Despite really appreciating good food and fine dining experiences, despite loving dabbling in the kitchen, despite turning my nose up at people who stuff their shopping trollies with overpriced, crap ready meals, I love crap food.

I have an addiction problem, I think; I easily get hooked on things, be they hobbies (check out how much I blogged when I first started), booze, cigarettes, prescription drugs, people, the internet.  The one that's niggling at me at the moment is crap food.  I love it.

If it's never seen anything green, I'll eat it.  Salty snacks, salty spicy snacks, takeaway food, even Subway sandwiches: I can eat them until they come out of my nose.

I have a constant hankering after burritos.  But in a toss up with hot and sour soup and salt and pepper spare ribs, I'm not sure which I'd choose.  And then there are nachos, with all that lovely salsa and the jalapeƱos and the cheese and refried beans.  Who wouldn't like that?  An idiot, that's who.

My current agenda for indulgence in crap includes sourcing a hotdog very soon.  A foot long hot dog with onions, mustard and ketchup.  Such a heavenly combination of reclaimed pig and fat and relish, it's never far away from my thoughts.

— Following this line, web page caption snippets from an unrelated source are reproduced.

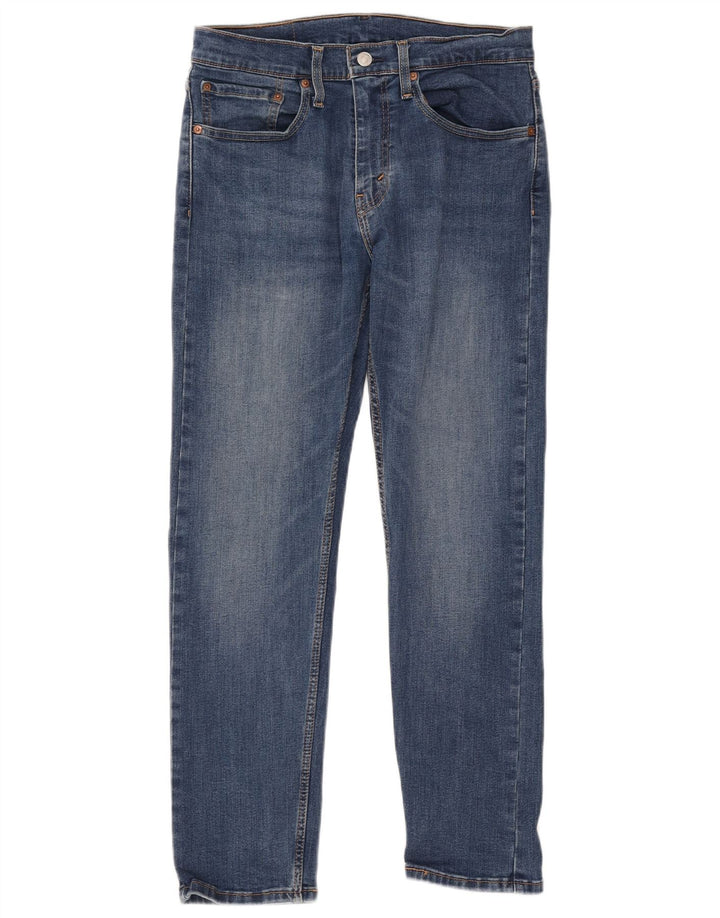 Levi's Masculino 502 Tapered Jeans W31 L30 Azul Algodão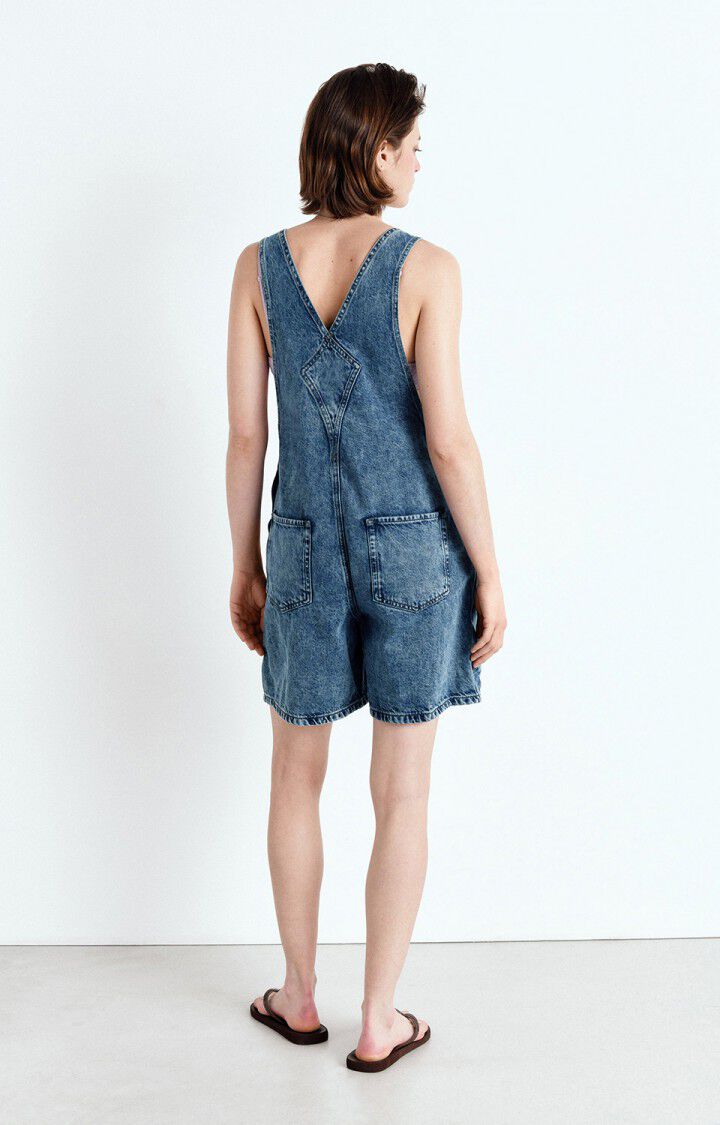 American Vintage | Denim Jumpsuit in Grey Stone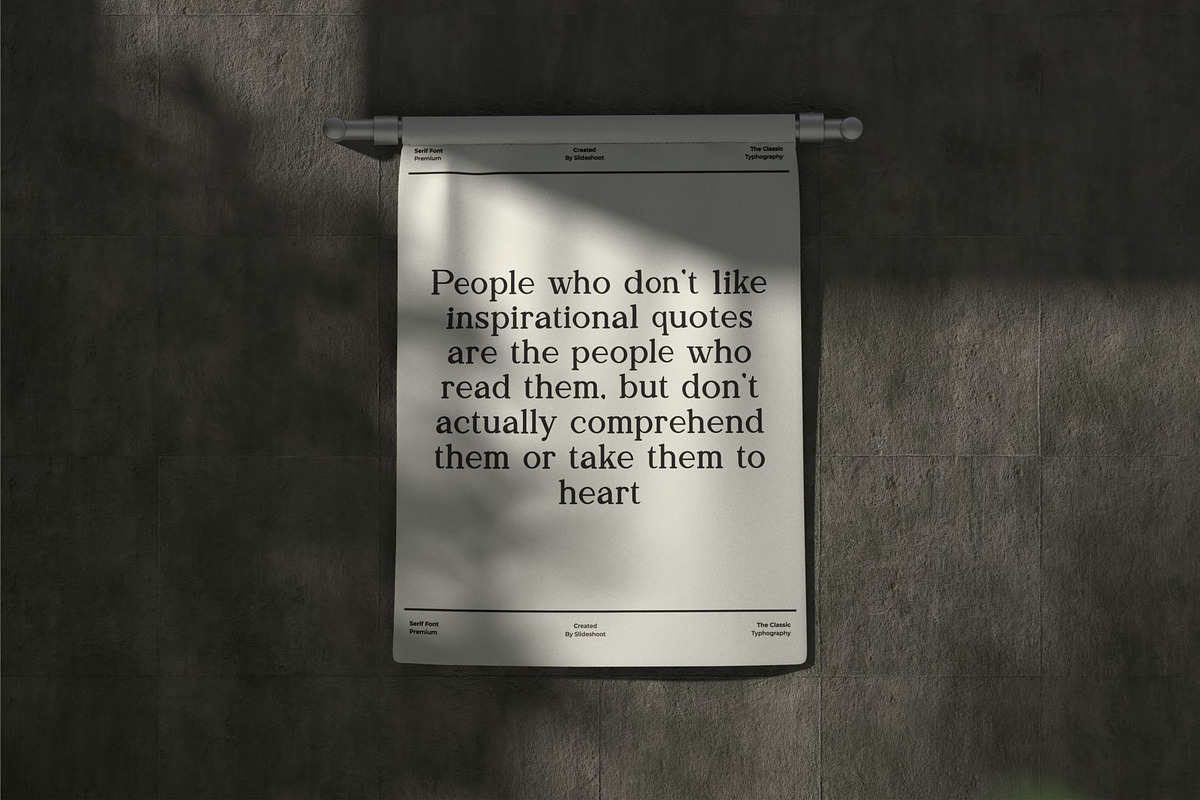 Rapshodi Gliternas || Serif Font, a Serif Font by Idea Studio (Photo 3 of 5)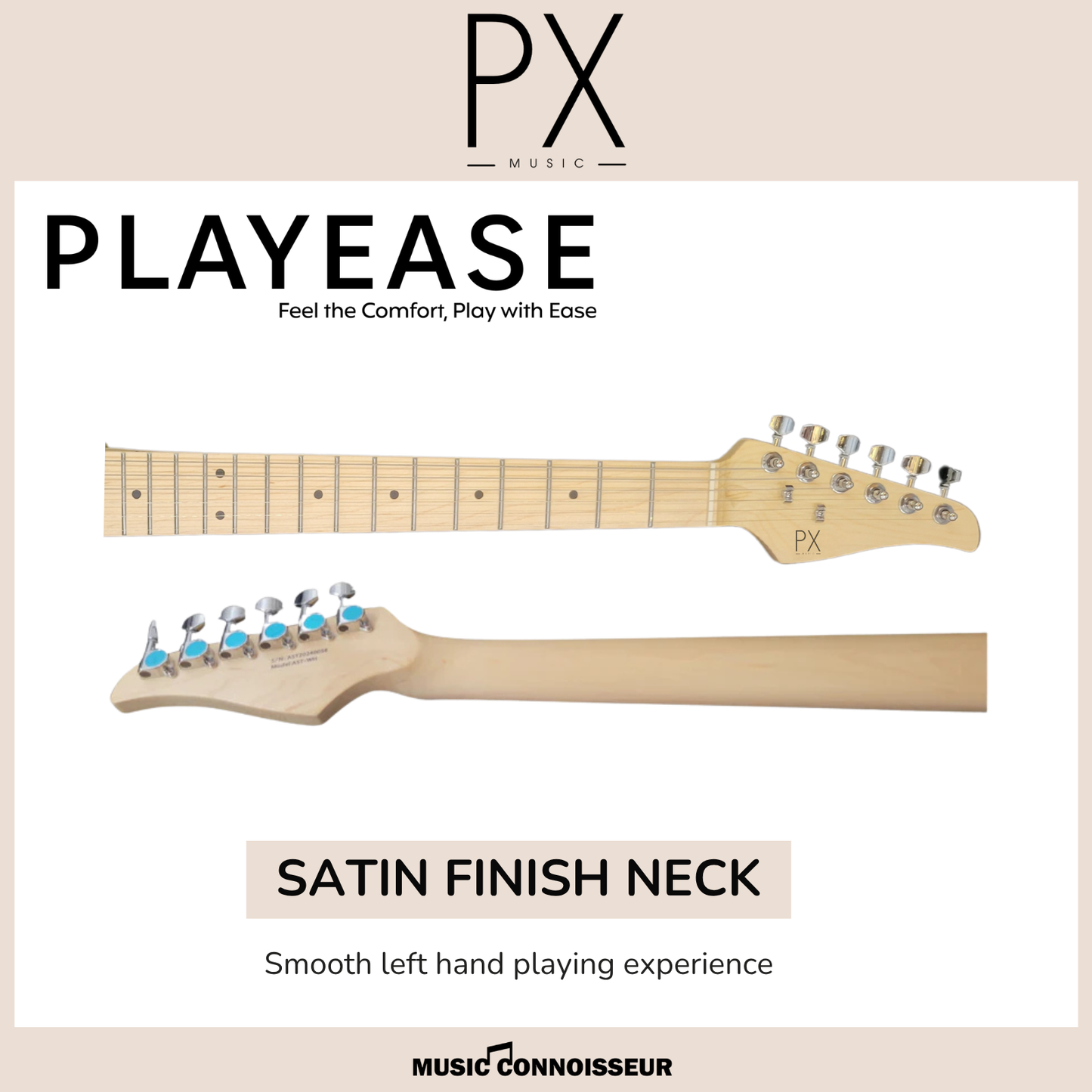 PX Allegro S-Style Electric Guitar (White)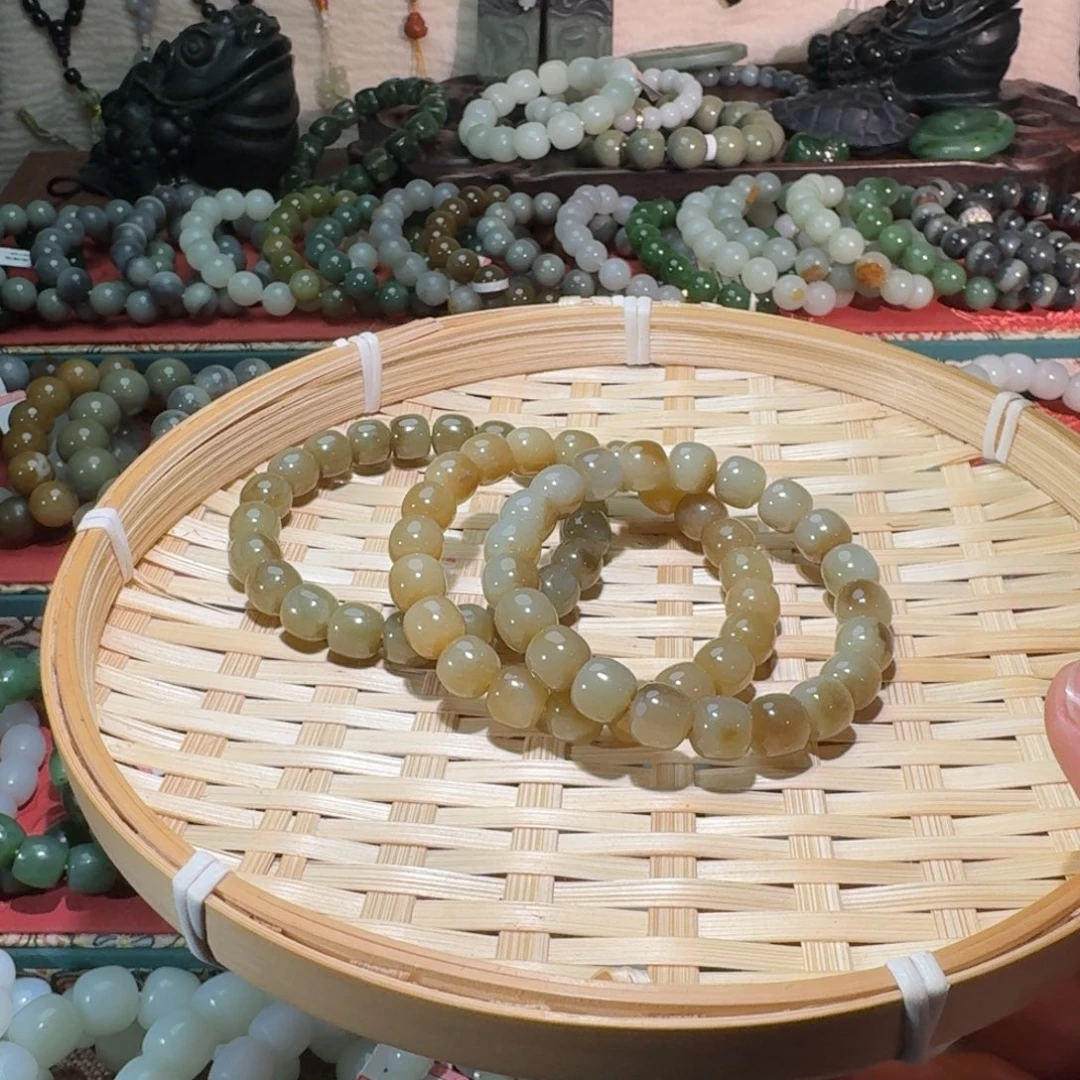 和田玉未镶嵌手链多样性拍一发一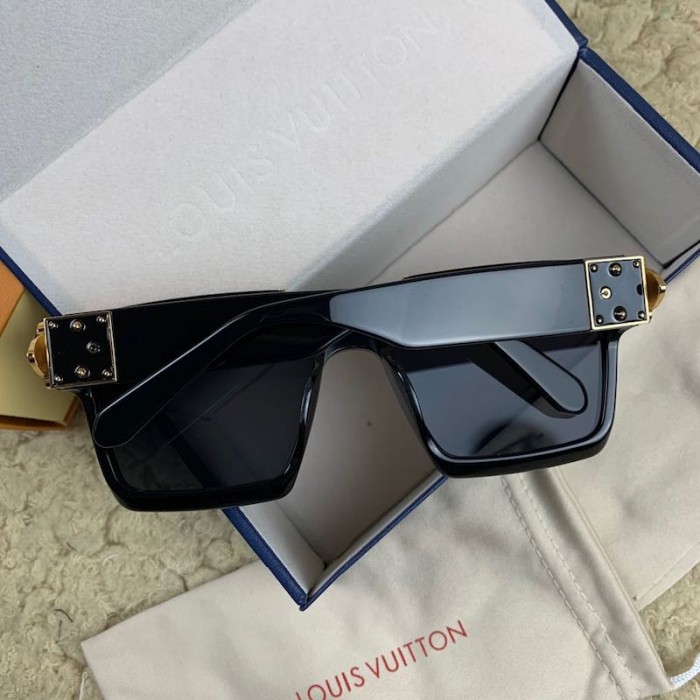 sandsynlighed strømper stun LV Millionaires Sunglasses Black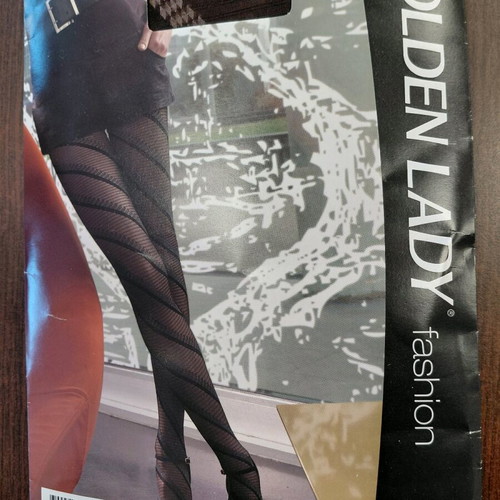 Ider & Golden Lady women's tights No 3, new, beige and brown, pack of 2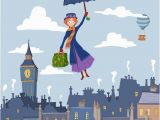 Mary Poppins Wall Mural Mary Poppins Mural London Roofs Wallpaper Nursery London Mural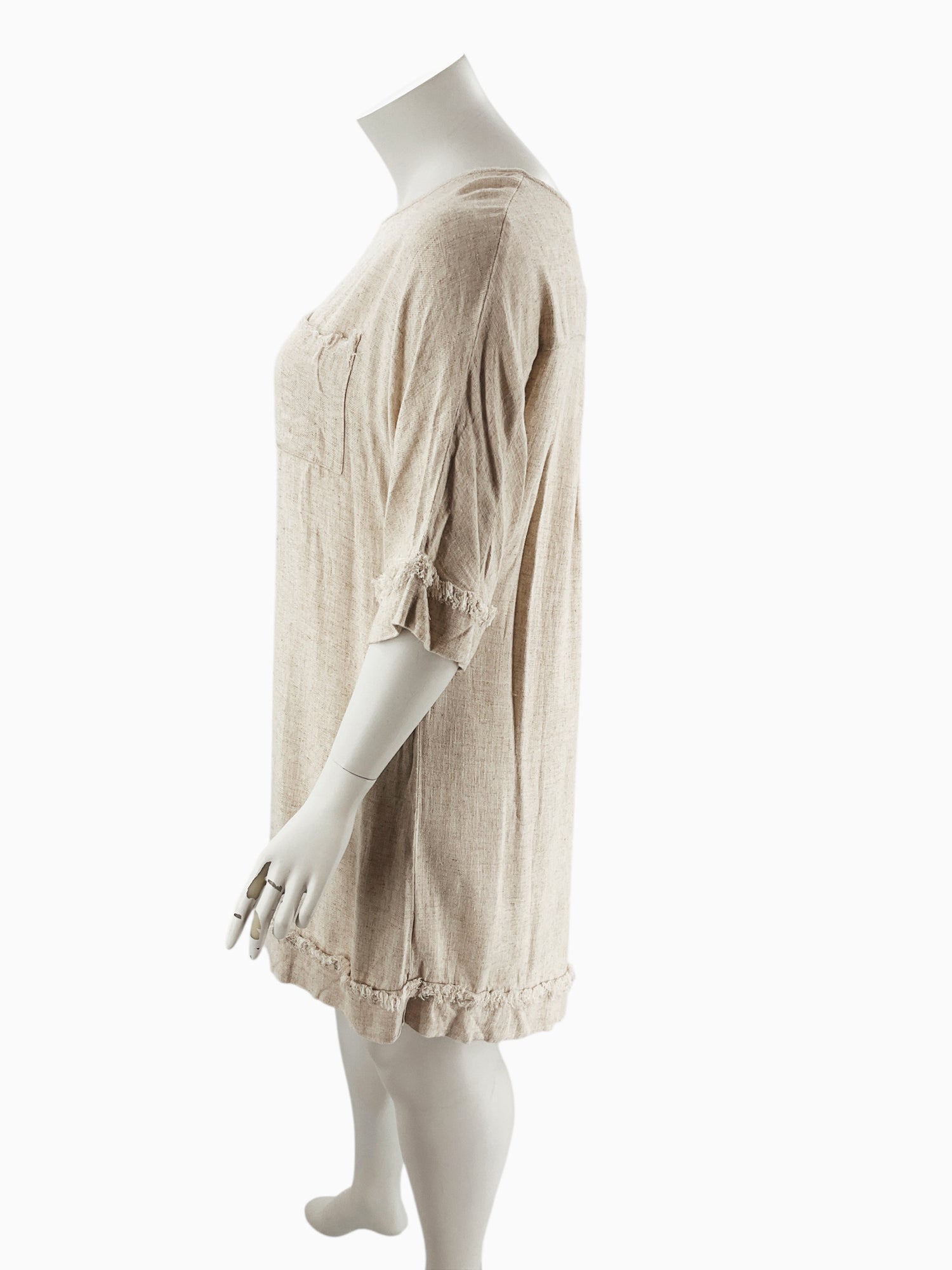 Umgee Tan Solid Pre-Owned Ladies Dress - Size XL - Margaret’s Fine Consignment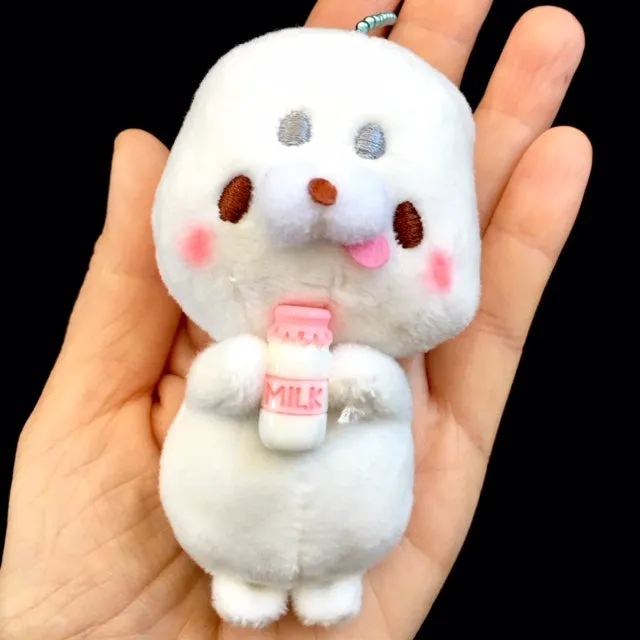 X 63024 MILK BABY ANIMALS PLUSH KEY CHARMS-DISCONTINUED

Since having an excellent burrito in Las Vegas - oh, I'm so cosmopolitan - last time I went - I've been more than once, even more cosmopolitan - I have a yearning for the spicy Mexican snack on at least a weekly basis.  The flavours and textures of beef, beans rice and chilli dance in your mouth while the heat courses through from the first interactions with tastebuds right to the tips of the toes.

Yes, a lovely mixed green salad with avocado, fine olive oil and a dash of lemon juice is divine, the combination of seasonal beef tomatoes with mild salad onions and herbs accompanying grilled sardines can make my heart sing, but it's the crap that really satisfies.

My parents are to blame of course, Mother in particular.  We ate proper meals as we grew up and "crap tea" was so rare that Mum never really got the hang of it.  Despite her being an excellent cook who provided us with delicious meals from around the world, she couldn't do crap tea: her chips were a disaster (fat not hot enough) and her sausages were bland, so when the rare opportunity arose for proper chippy tea, it was such an experience that always left me wanting more.  The cooking fat was at the perfect temperature, the chips heavenly and if curry sauce or gravy was included, it made me the happiest kid alive.

Maybe I'm no different that most people in that I like a treat occasionally.  I rarely act on my desire for pizza, chips, kebabs, hotdogs, burritos, curry, hot and sour soup for fuck's sake, but my mind has been trained to always hanker after these things instead of well, what are their polar opposites:


  • Vegetables - boring, just totally boring to the point of them being not food
  • Brown rice - Jesus wept, this is a punishment, not a food
  • Edamame beans - can't even pronounce the bloody word
  • Soya - ick
  • Skinless chicken - just what's the point?  Really??

Anyway (:@) I'm supposed to be going for a burrito tomorrow.  I'd love to prepare nachos for tea, but a whole portion is too much even for me.

And that's the thing about being alone, it's difficult to find the motivation to prepare a load of nachos, let alone cook a proper meal.  But I'm getting there, always hopeful of a summer that will put me in the mood for that green salad and those sardines.  In the meantime though, I'll keep on dreaming of, and resisting, the crap - apart from tomorrow of course.


Exercise
I returned to the gym last night.  I'd already decided on a gently reintroduction since my lungs are a bit shit at the moment and all that.  I didn't bank on my session being cut short by an unruly contact lens that left me with the sensation of having a pin stuck in my eyeball.  Is it just me?